- [WHAT IS BEING ASKED]
No pictures belong in the copy, but every line of the material below must be reproduced exactly.

- [EXTRACTED MATERIAL]
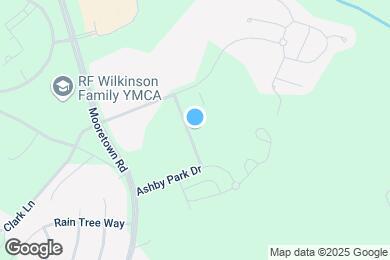 Map image of the property - Arbors at Towne Park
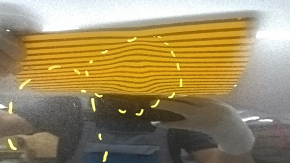 Door bare rear left Kia Niro 23- graphite AGT, dents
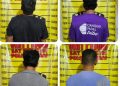 Tegas Berantas Premanisme, Polres Binjai Amankan Empat Terduga Pelaku Pungli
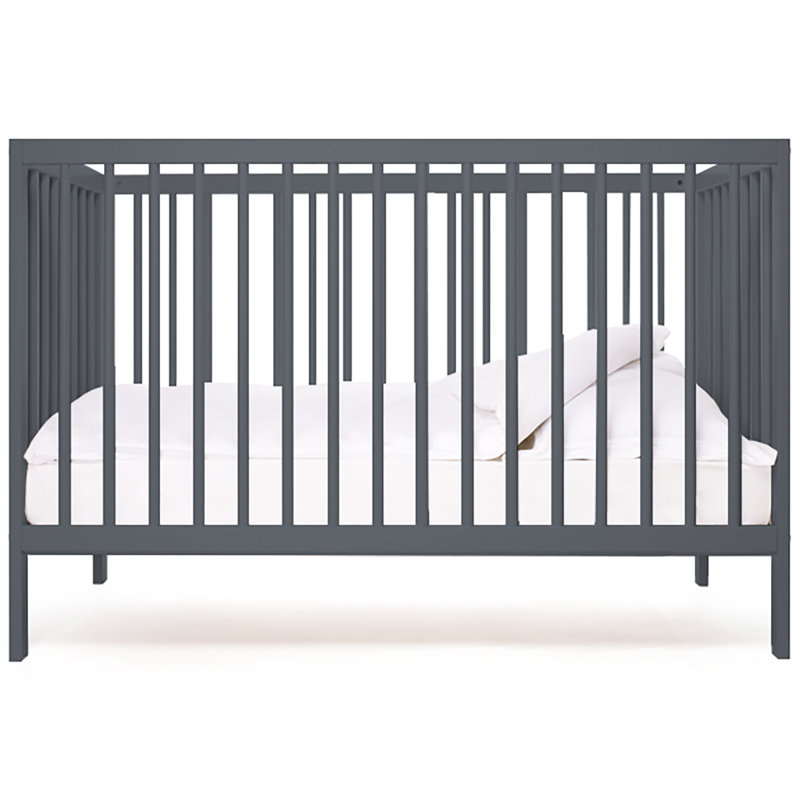 Mini Cot Bed, Stone Blue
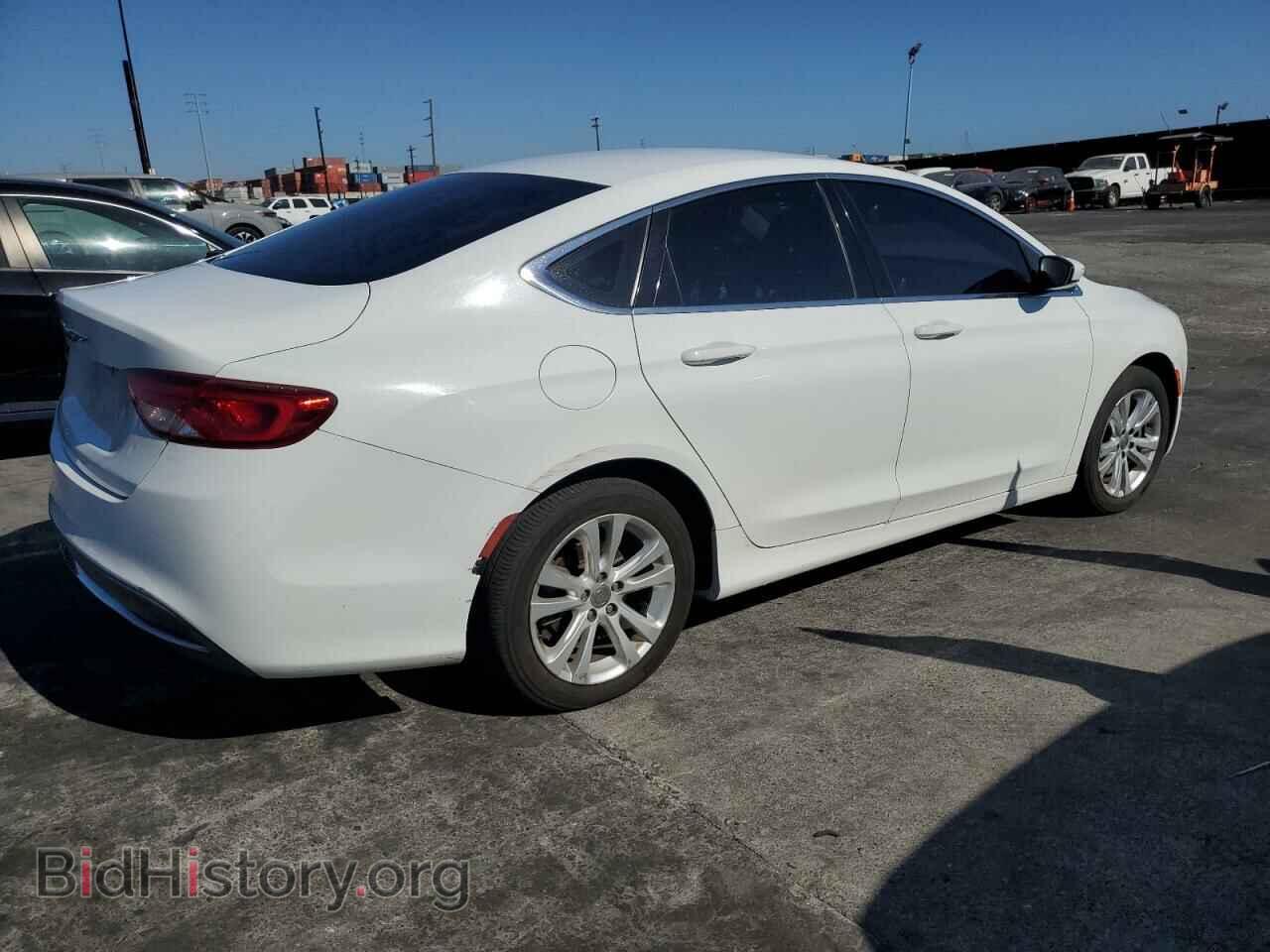 2016 CHRYSLER 200 - VIN: 1C3CCCAB6GN143994 - Фото 3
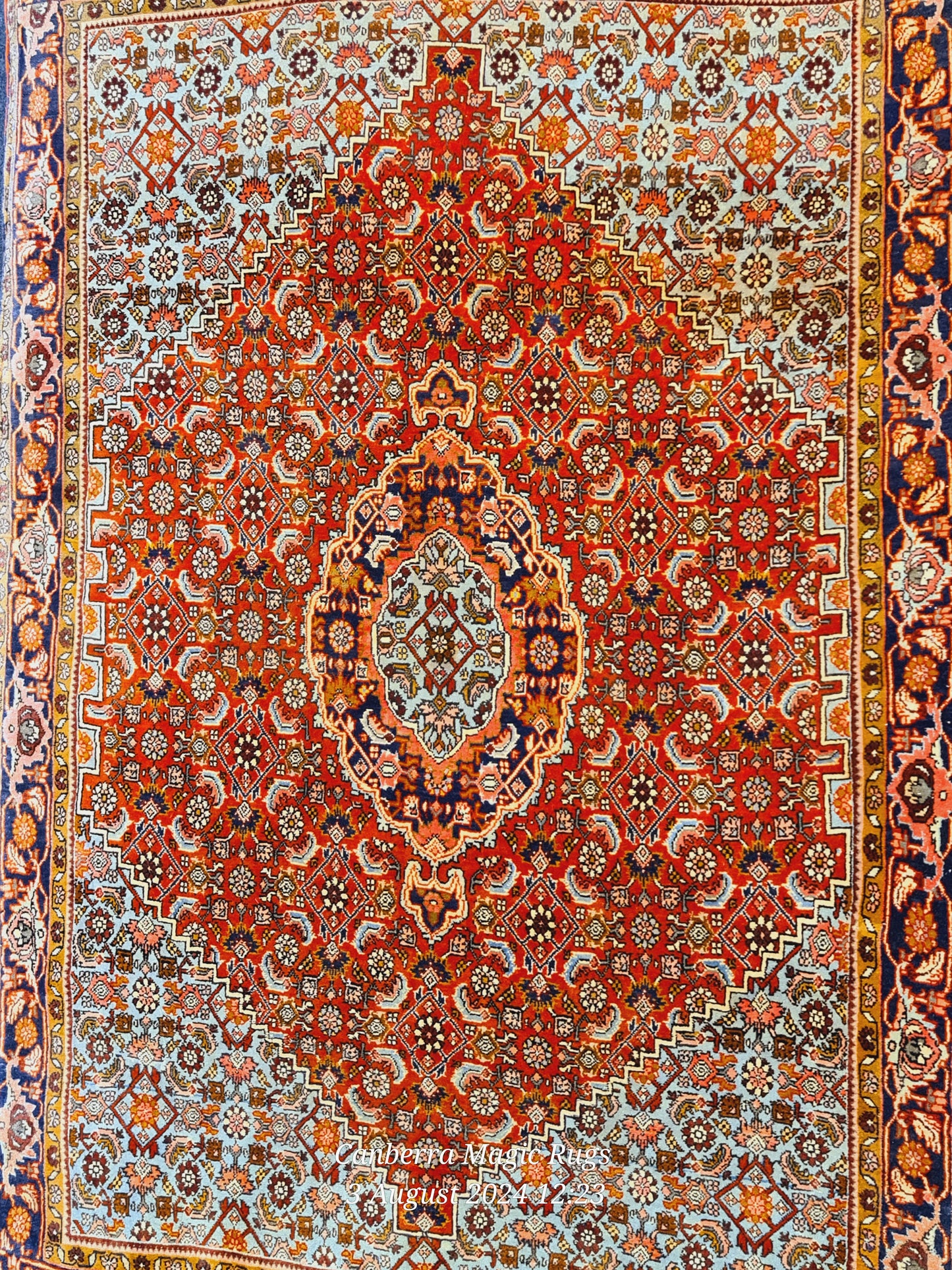 Semi ANTIQUE Bejar Rugs woven by Persian Masters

- [WRITTEN ANSWER]
 Map image of the property - Arbors at Towne Park
 Door bare rear left Kia Niro 23- graphite AGT, dents
 Tegas Berantas Premanisme, Polres Binjai Amankan Empat Terduga Pelaku Pungli
 Mini Cot Bed, Stone Blue
 2016 CHRYSLER 200 - VIN: 1C3CCCAB6GN143994 - Фото 3
 Semi ANTIQUE Bejar Rugs woven by Persian Masters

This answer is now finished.